A couple of things about this fiddle, Russell says. It belongs to a cousin in Roxboro. It was refinished a couple of years ago. And it just happens to be the first fiddle Charlie Daniels ever played.
Russell plucks the strings idly, then shuts the case. I just want to make clear, he says, addressing the rumor that’s long circulated around his hometown, Gulf, that I never taught Charlie how to play the fiddle. I don’t even like the fiddle, he says in a gravelly voice. But he did do something else — something Charlie’s never forgotten.
Charlie and Russell go way back, to the early 1950s. Charlie grew up traveling and never stopped. Russell grew up in one place and never left. Charlie was born in Wilmington. Then his family moved, first to Gulf, then to Valdosta, Georgia, then back to Gulf. The Palmers had lived in Gulf for generations. Charlie and Russell became best friends. They’d sit around the radio on Saturday nights, listening to the Grand Ole Opry. It was only later that Charles E. Daniels became Charlie Daniels, the man who made the fiddle into a radio-friendly instrument, one forever associated with the South.
It wasn’t always so. In the early ’70s, The Charlie Daniels Band was just another Southern rock band — one that sounded a little too much like the Allman Brothers, in one producer’s opinion. Charlie had been bopping around Nashville as a session musician. He’d worked with Bob Dylan. He’d played fiddle for The Marshall Tucker Band.

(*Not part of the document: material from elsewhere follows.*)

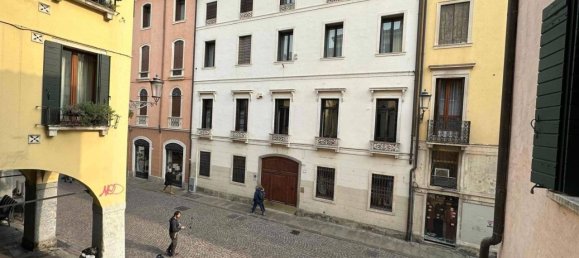 4-Zimmer Wohnung in Padua, Italy, Nr. 107360 6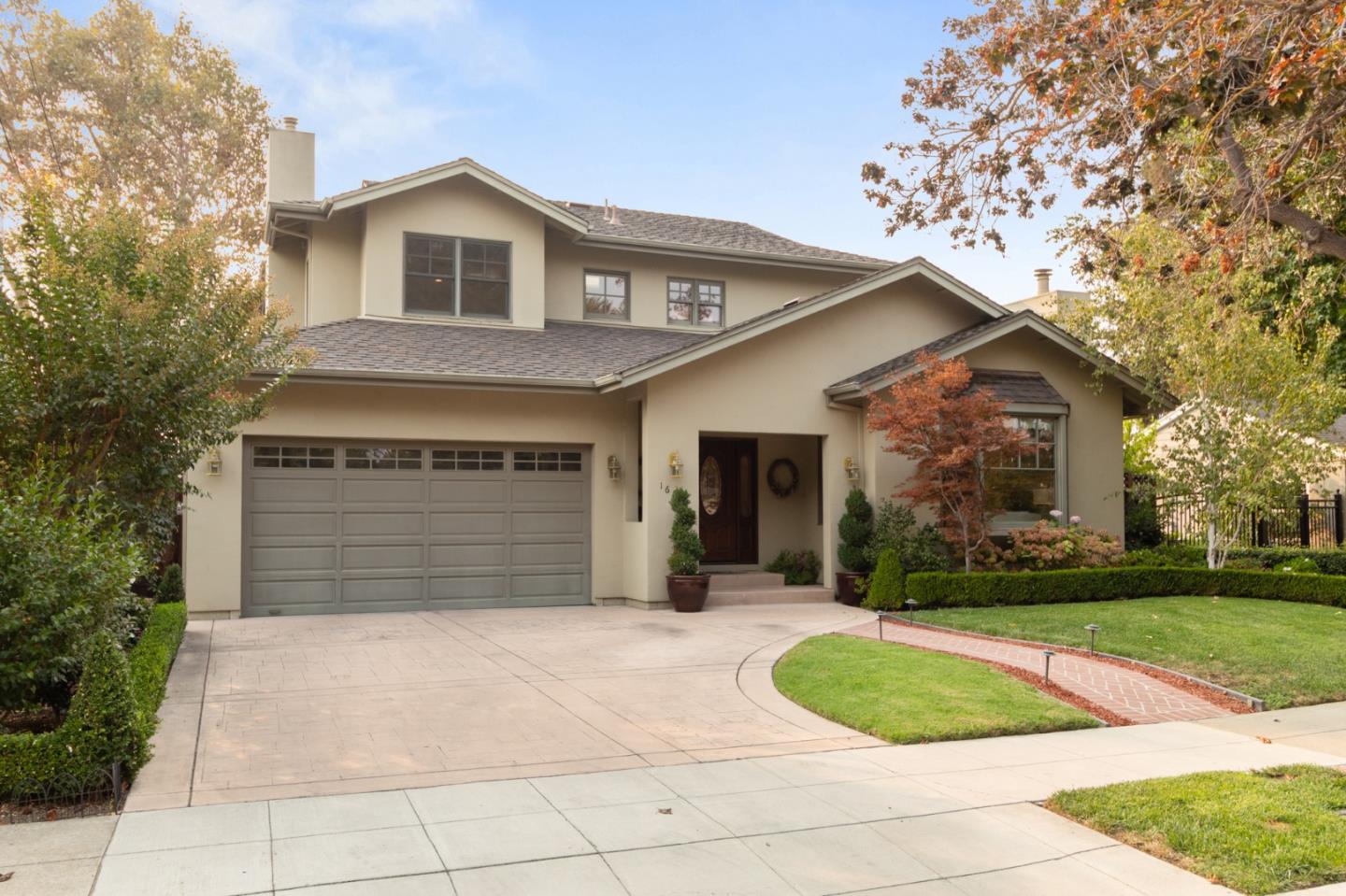1665 Collingwood Avenue San Jose, CA 95125 - Photo 4 of 41 a front view of a house with garden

He’d written a song for Elvis.
And then it happened.
At the end of a show in Tuscaloosa, Alabama, Charlie pulled out a fiddle and cut loose on “Orange Blossom Special,” the de facto National Anthem of Fiddle Players. The crowd got loud. The skeptical producer realized something. Lynyrd Skynyrd didn’t have a fiddle. Marshall Tucker didn’t, either. Charlie could be different. That producer urged Charlie to write a song that became “The South’s Gonna Do It,” a tune where Charlie only stops playing the fiddle to name-drop every Southern rocker he can squeeze in. Radio stations that had never played a fiddle song started playing it.
You know what happened five years later. “The Devil Went Down to Georgia” came out in 1979. It’s never gone away. It is the fiddle song. It’s the new National Anthem of Fiddle Players.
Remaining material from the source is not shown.